Не прибавляя к биографии Фефера ничего от себя, я в то же время не могу отделаться от ощущения, что сама история сотворила этот абсолютно классический сюжет предательства — сюжет настолько современный, что трудно удержаться от искушения приняться за психологический роман.

Фефер идет на предательство, как на подвиг: он демонстративно берет для низкой роли осведомителя имя времен своей молодости, своего первого большого жизненного успеха. Тысячи киевлян знали молодого, губастого, лысеющего поэта, острого на язык полемиста, человека находчивого ума и располагающей улыбки. Получается, что на Лубянку он идет, не особенно таясь, не конспирируясь: разгадать кличку Зорин под силу слишком многим. Он будет докладывать начальству правду, только правду, ничего, кроме правды, а правда ведь не нанесет вреда невинным, напротив, она может помочь, оградить от провокаций и наветов.
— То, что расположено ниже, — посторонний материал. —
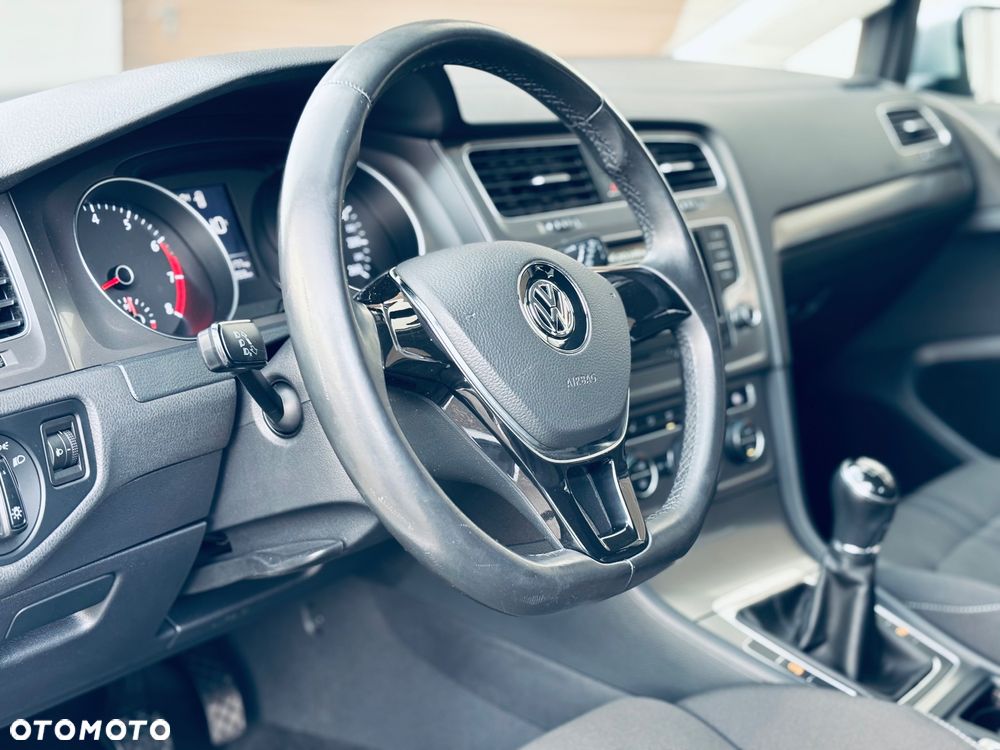 Volkswagen Golf 1.2 TSI BMT Trendline - 8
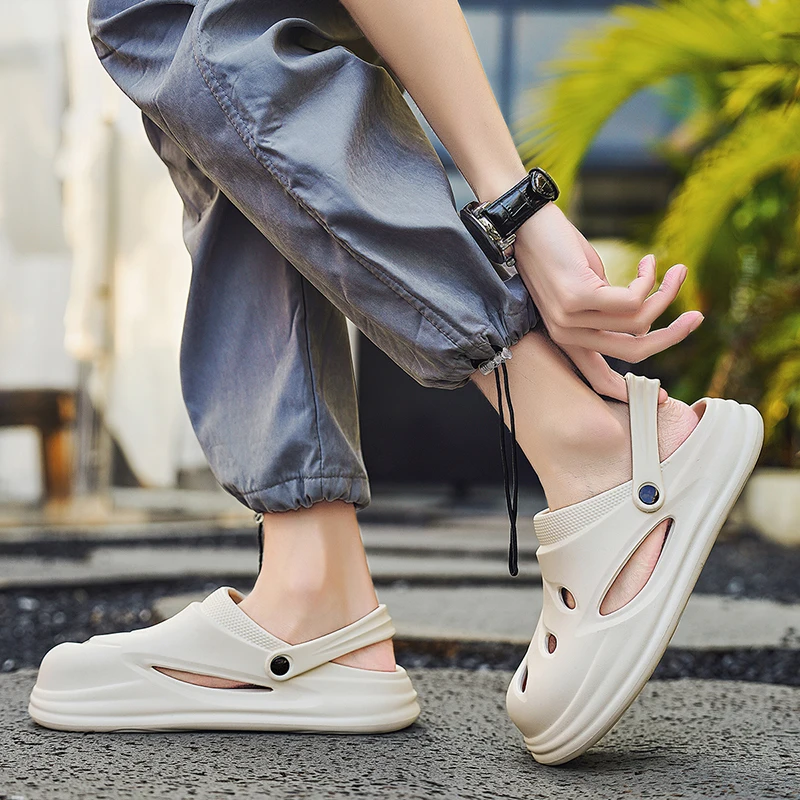 Men's Shoes Cut-out Fashion Bread Shoes Summer Casual Beach Sandals Outdoor Soft Men's Flip Flops Light Bathroom Slippers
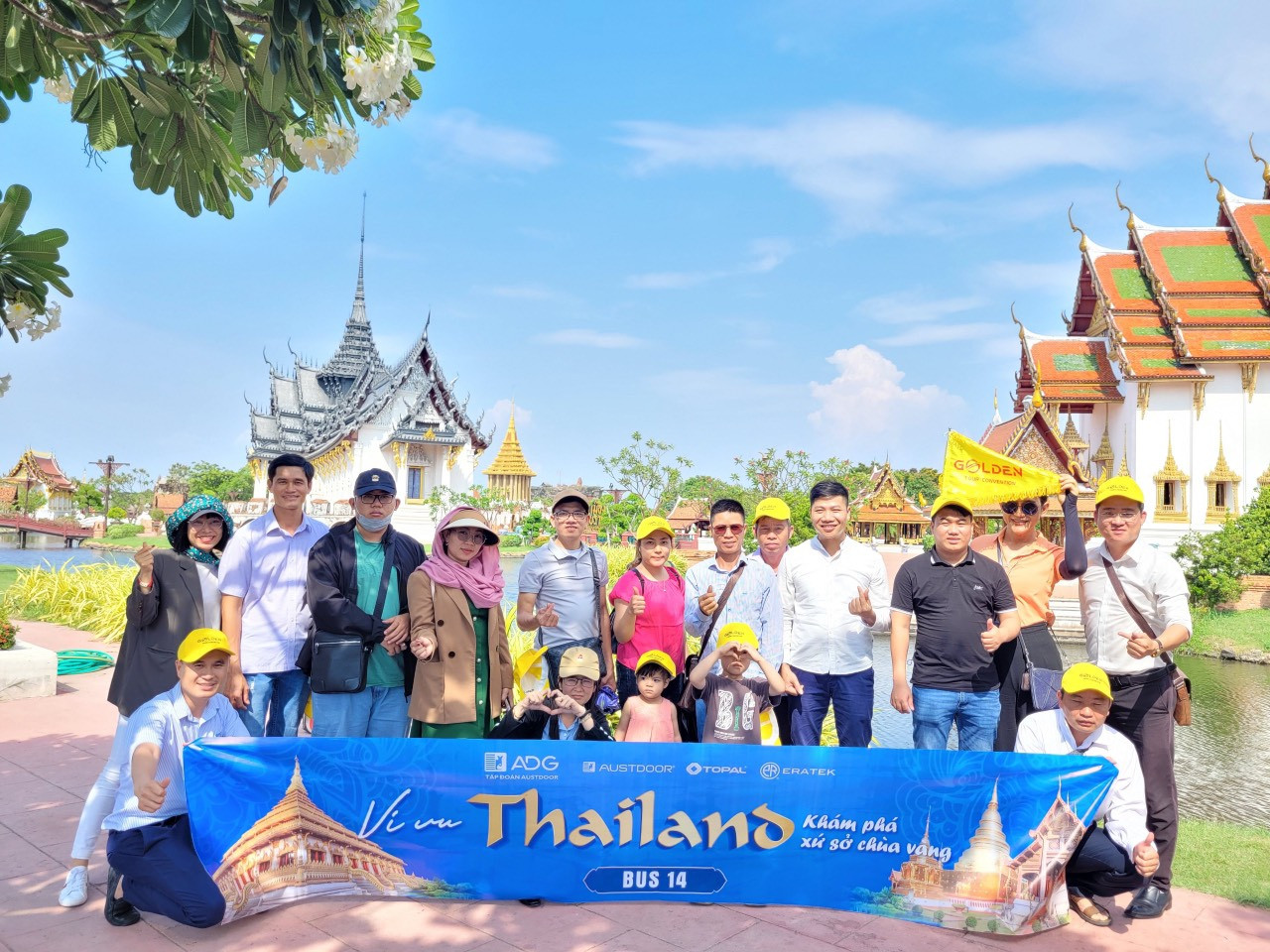 Các thành viên đại lý kèo nhẹ của Eratek chụp hình lưu niệm trong chương trình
Его призвали как честного, правоверного коммуниста, другие здесь, в орлином гнезде Дзержинского, не нужны: сообщая правду, он останется все тем же незапятнанным Зориным 20-х годов. А что, как он окажется первым в истории человечества тайным агентом-спасителем, ангелом-хранителем своих товарищей и коллег!? Как хорошо бы спустя время открыть карты, показать, как бесстрашно прошел он по краю бездны…

Чем это обернулось, мы знаем. Смерть, смерть и опустошение, передача в беспощадные руки списков тех, кто, движимый иллюзиями, романтическим порывом, жаждой сражаться против британских колонизаторов, обратился в ЕАК за советом и помощью. ЦК ВКП(б) получал первые экземпляры списков, и если Сталин снисходил до ознакомления с ними, то нетрудно вообразить, какую ярость вызывали в нем столбцы еврейских фамилий и то, что среди рвущихся в добровольцы много участников войны, много молодых, особенно студентов.

Именно потому, что преступление Фефера не ложится в привычные уголовные рамки и тесно связано с политикой, с волной антисемитизма, захватившего и низы, а еще в большей мере — верхи, мы, в связи с делом ЕАК, обречены Феферу, исследованию этой личности.

Я мог бы долго приводить ненасильственно данные им показания на всех сколько-нибудь значительных еврейских писателей и деятелей культуры, настойчивое причисление их к «националистам», «бундовцам», «сионистам», «антисоветчикам» (хотя бы в прошлом!). Особенно яростные инвективы его — в адрес поэтических соперников — Маркиша, Галкина, Гофштейна и Квитко. Мог бы напомнить его попытки приписать национализм многим литераторам, писавшим на русском, таким, как Эренбург или Маршак, Маргарита Алигер или Леонид Первомайский, — националиста он готов был признать в каждом, кто по рождению, по крови еврей, парадоксально совпадая в этом с философией комаровых и рюминых, с их взглядом на еврейский народ. Причислив к националистам даже старшего следователя прокуратуры СССР Льва Шейнина, Фефер обличает его попытку создать в драме образ «…якобы невинно пострадавшего Бейлиса». Стоило знаменитому скрипачу Иегуди Менухину выступить по радио с критикой постановления ЦК ВКП(б) о музыке, выступить в защиту Прокофьева и Шостаковича, как Фефер, чуткий барометр «партийности» в искусстве, печатает статью «По чьим нотам играет Иегуди Менухин». Он неутомим в стремлении опрокинуть устоявшиеся авторитеты, показать, что за «личинами» знаменитостей стоят недоброжелатели советского строя, скрытые националисты.